114 Coming Clean: Use of ATP Sanitation Monitoring as Part of an Infection Control Bundle during Simultaneous Outbreaks of CRE and XDR-Acinetobacter baumannii in an ICU

Saturday, April 2, 2011
Trinity Ballroom (Hilton Anatole)
Nujhat Nadia Huq, MBBS , University of Virginia Health System, Charlottesville, VA
Megan F. Gosseling, MSN, CIC , University of Virginia Health System, Charlottesville, VA
Darla J. Low, RN , University of Virginia Health System, Charlottesville, VA
Kyle Enfield, MD , University of Virginia Health System, Charlottesville, VA
Costi D. Sifri, MD , University of Virginia Health System, Charlottesville, VA
Background: Drug resistant gram negative bacteria such as extreme-drug resistant Acinetobacter baumannii (XDR-AB) and carbapenem-resistant Enterobacteriaceae (CRE) have emerged as serious threats to patients in intensive care units (ICUs) and are a vexing challenge to infectious disease and control practitioners. From January to April of 2010, we responded to concurrent outbreaks of XDR-AB (resistant to all available antibiotics including colistin and tigecycline) and CRE in the surgical ICU (SICU) of our hospital.

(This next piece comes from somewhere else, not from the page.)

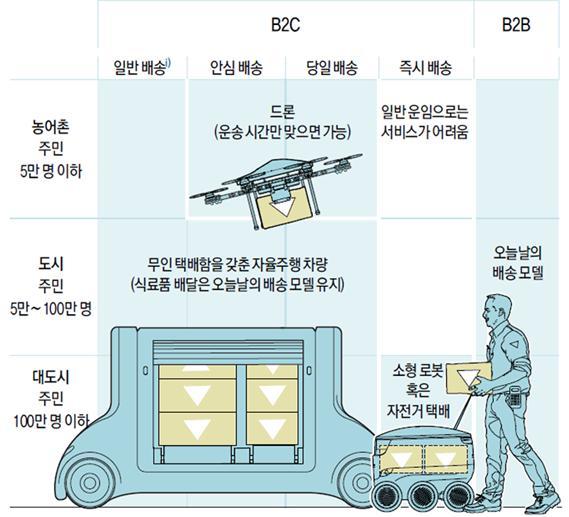 [ 그림 6] 인구밀도에따른배송옵션 5) 주 : 일반배송 : 발송후 1~4 일 ( 하루이상 ) 걸리는택배서비스자료 : McKinsey & Company 오토바이서비스는시장규모가 2% 로상대적으로작은즉시배송물품들에집중할것이다. 그리고전통적배송서비스는나머지약 20% 시장을차지할것이다.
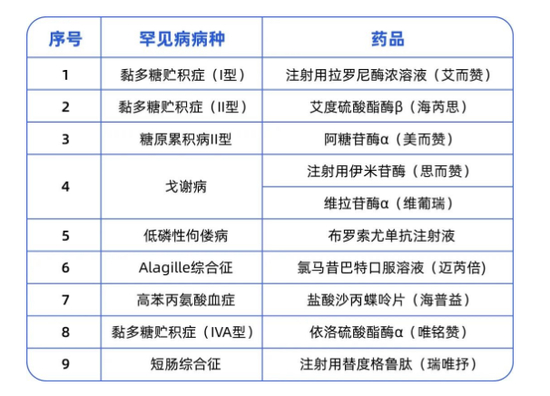 　图源：深圳市医保局网站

Objective: To describe use of an infection control “bundle”, including the use of an ATP bioluminescence assay system to evaluate cleaning practices, during a concurrent outbreak of XDR-AB and CRE.

Methods: In January 2010, clusters of XDR-AB and CRE infection were identified in the SICU. Consequently, patients were screened for XDR-AB and/or CRE colonization or infection, microbial samples were collected, and charts were retrospectively reviewed. A bundled intervention was implemented February 1, including (a) interdisciplinary meetings, (b) staff/physician education, (c) universal contact precautions, (d) cohorted rooms, (e) cohorted nursing/respiratory personnel, (f) restricted public access to rooms and common areas, (g) semiweekly to weekly surveillance cultures and point prevalence surveys with molecular strain typing, (h) terminal cleaning of all SICU rooms and enhanced cleaning of common areas, and (i) cleaning validation and instruction using the ATP bioluminescence assay system (SystemSURE II, Hygiena) during 3 unannounced visits to the SICU.

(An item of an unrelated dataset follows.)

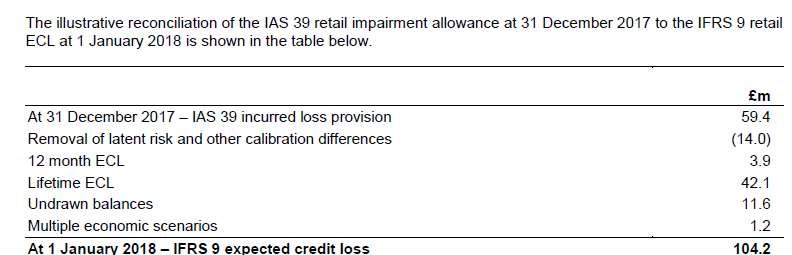 Table showing the reconciliation of IAS 39 retail impairment allowance to IFRS 9 expected credit loss from December 2017 to January 2018.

Results: Three patients infected or colonized with XDR-AB and 8 with CRE were identified during the first 3 weeks of the outbreaks. ATP bioluminescence assays were obtained from a variety of moderate and high touch surfaces in patient rooms and common areas of the SICU at onset of the outbreak. Readings of 6 (26.1%) of 23 sampled items exceeded predefined limits suggesting inadequate cleaning. Education of environmental services, nursing and respiratory care was performed. Subsequent readings exceeded set limits 1 (6.3%) of 16 times one week, 0 (0%) of 16 times two weeks and 4 (19%) of 21 five weeks post-education. The increase in “ATP failures” five weeks post-education led to renewed efforts to sustain optimal environmental cleaning practices among staff. Three patients infected/colonized with PDR-AB and 2 with CRE were identified during the 8 week period following implementation of the bundled intervention. No additional XDR-AB or CRE infections were identified over the subsequent 3 months.

Conclusions: Implementation of a bundled set of interventions, including use of ATP bioluminescence to rapidly assess and improve the effectiveness of environmental disinfection, led to the successful control of simultaneous outbreaks of XDR-AB and CRE in an ICU.